> [What to work on]: Exclude the pictures. Transcribe, exactly as written, the lines from the one with "branded sneakers with" through the end of the entries below.

===

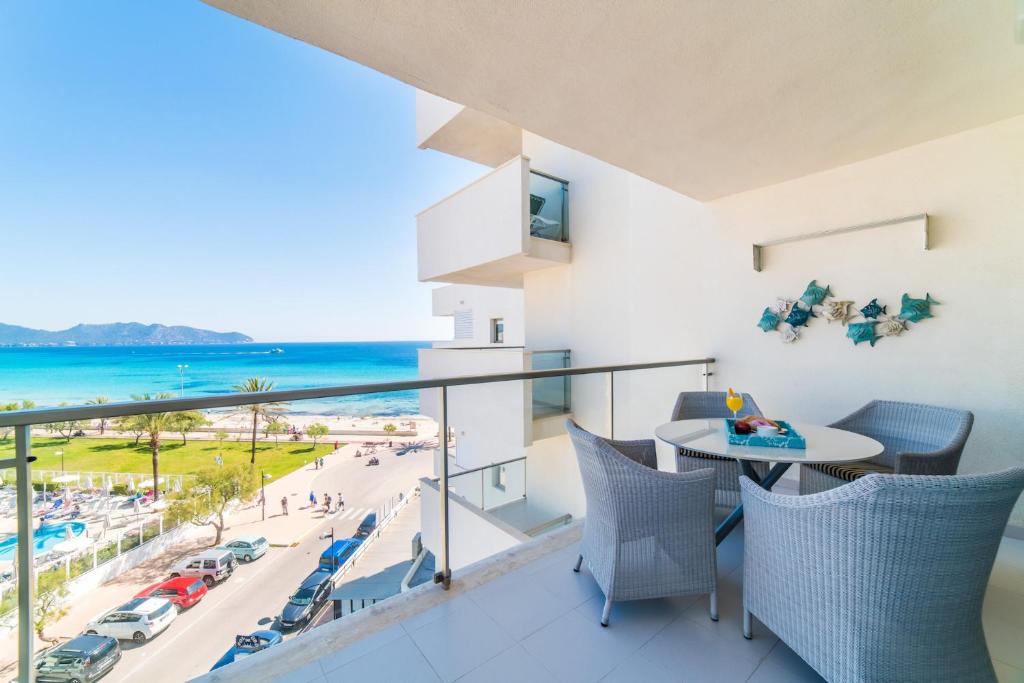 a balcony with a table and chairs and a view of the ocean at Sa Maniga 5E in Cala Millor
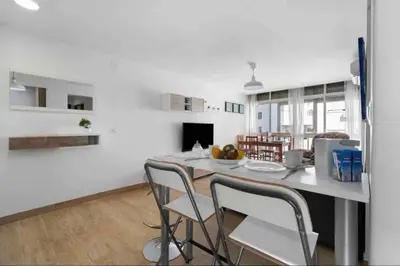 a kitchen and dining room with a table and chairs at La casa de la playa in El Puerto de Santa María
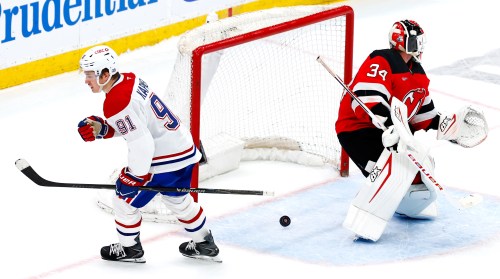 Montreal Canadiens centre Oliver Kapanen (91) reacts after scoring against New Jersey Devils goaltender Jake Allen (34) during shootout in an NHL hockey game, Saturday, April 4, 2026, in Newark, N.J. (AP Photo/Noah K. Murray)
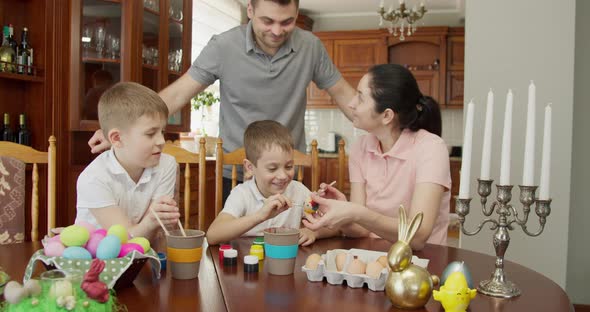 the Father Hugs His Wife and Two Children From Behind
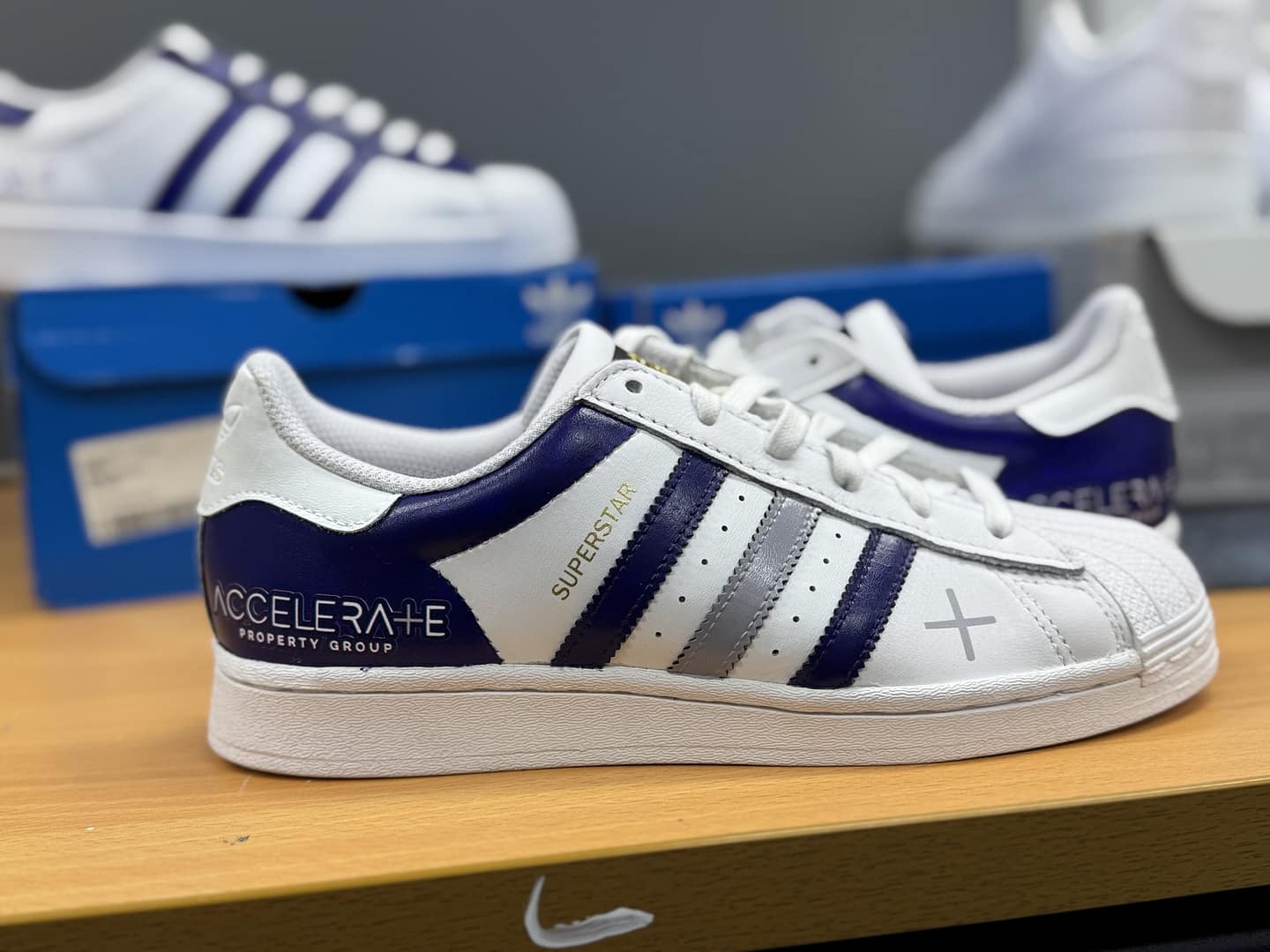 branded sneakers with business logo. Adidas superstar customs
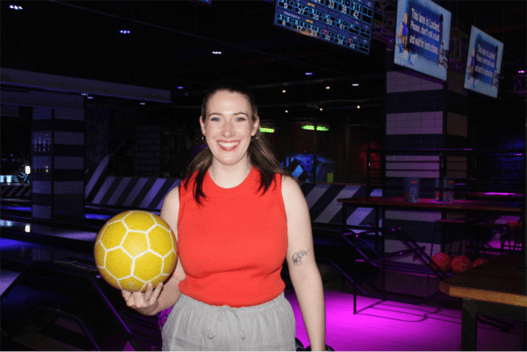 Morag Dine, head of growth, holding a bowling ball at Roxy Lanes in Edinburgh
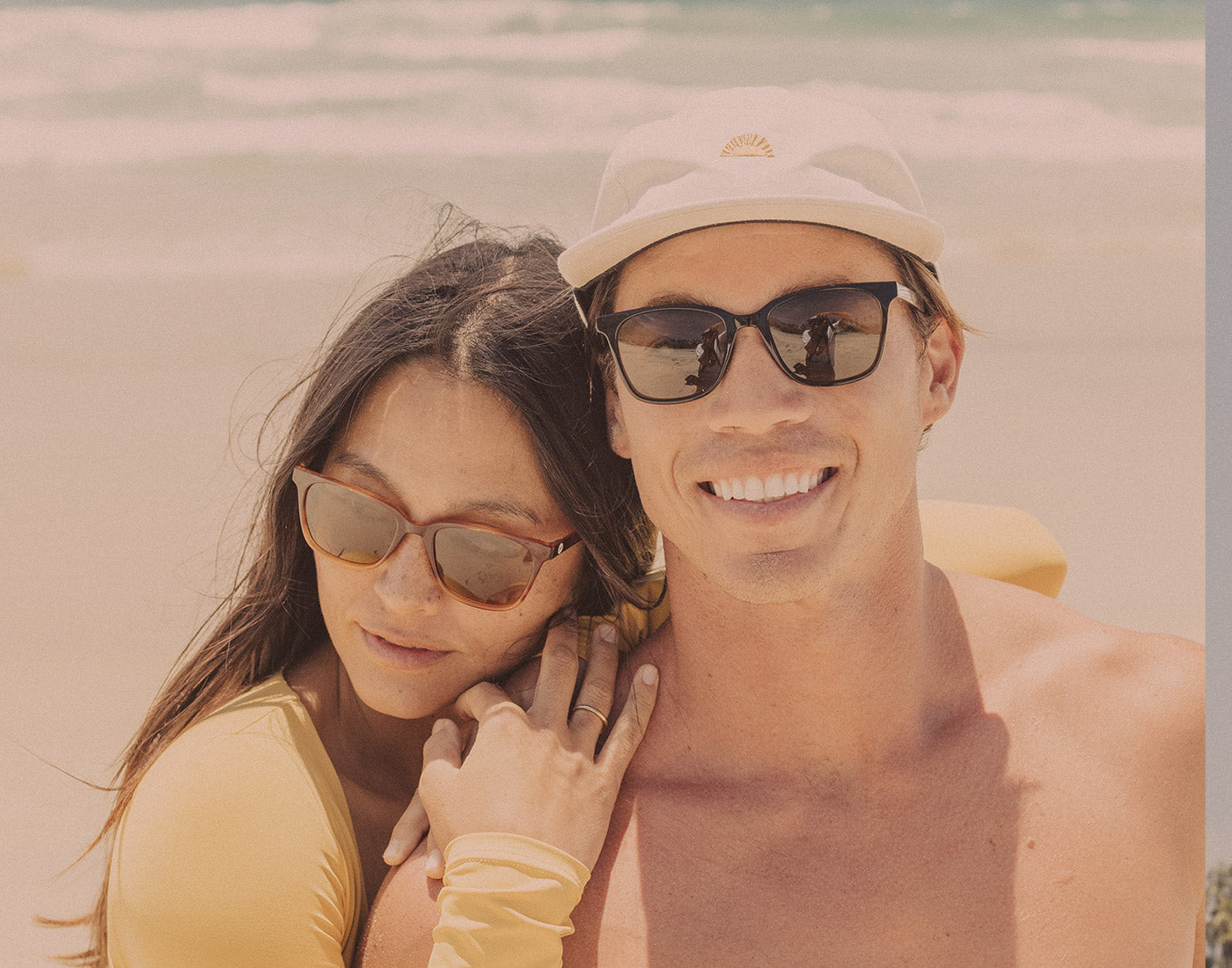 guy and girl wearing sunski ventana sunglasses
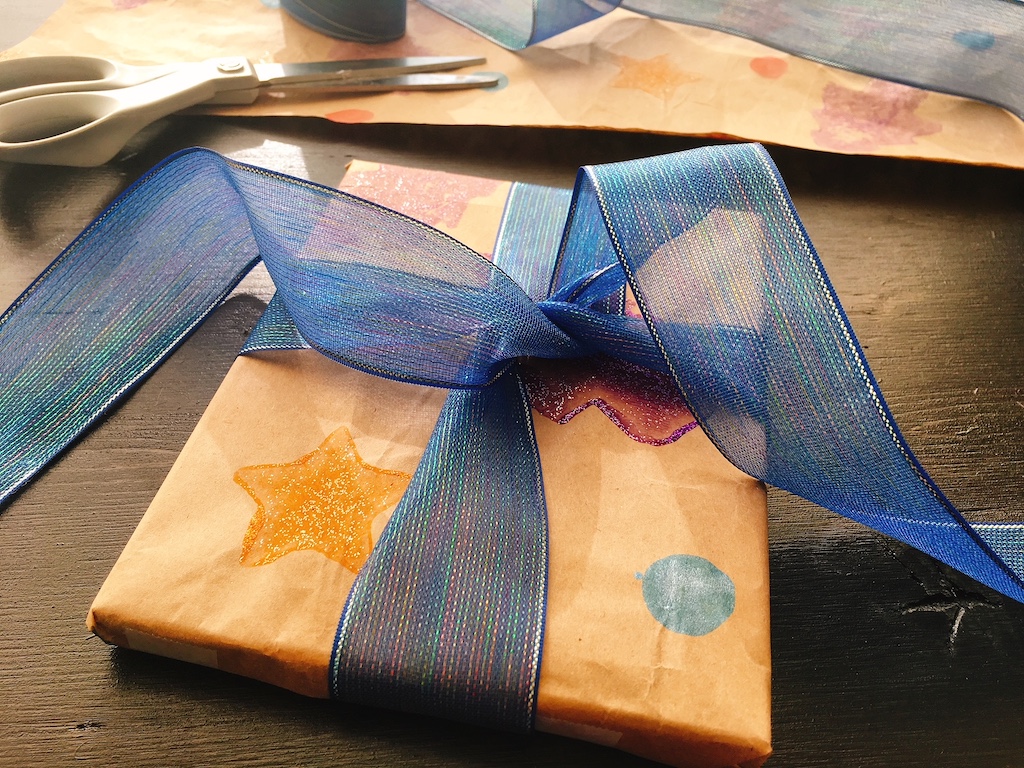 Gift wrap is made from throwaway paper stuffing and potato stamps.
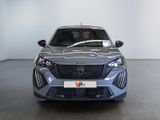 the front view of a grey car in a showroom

===

> [Your solution]:
 branded sneakers with business logo. Adidas superstar customs
 Morag Dine, head of growth, holding a bowling ball at Roxy Lanes in Edinburgh
 guy and girl wearing sunski ventana sunglasses
 Gift wrap is made from throwaway paper stuffing and potato stamps.
 the front view of a grey car in a showroom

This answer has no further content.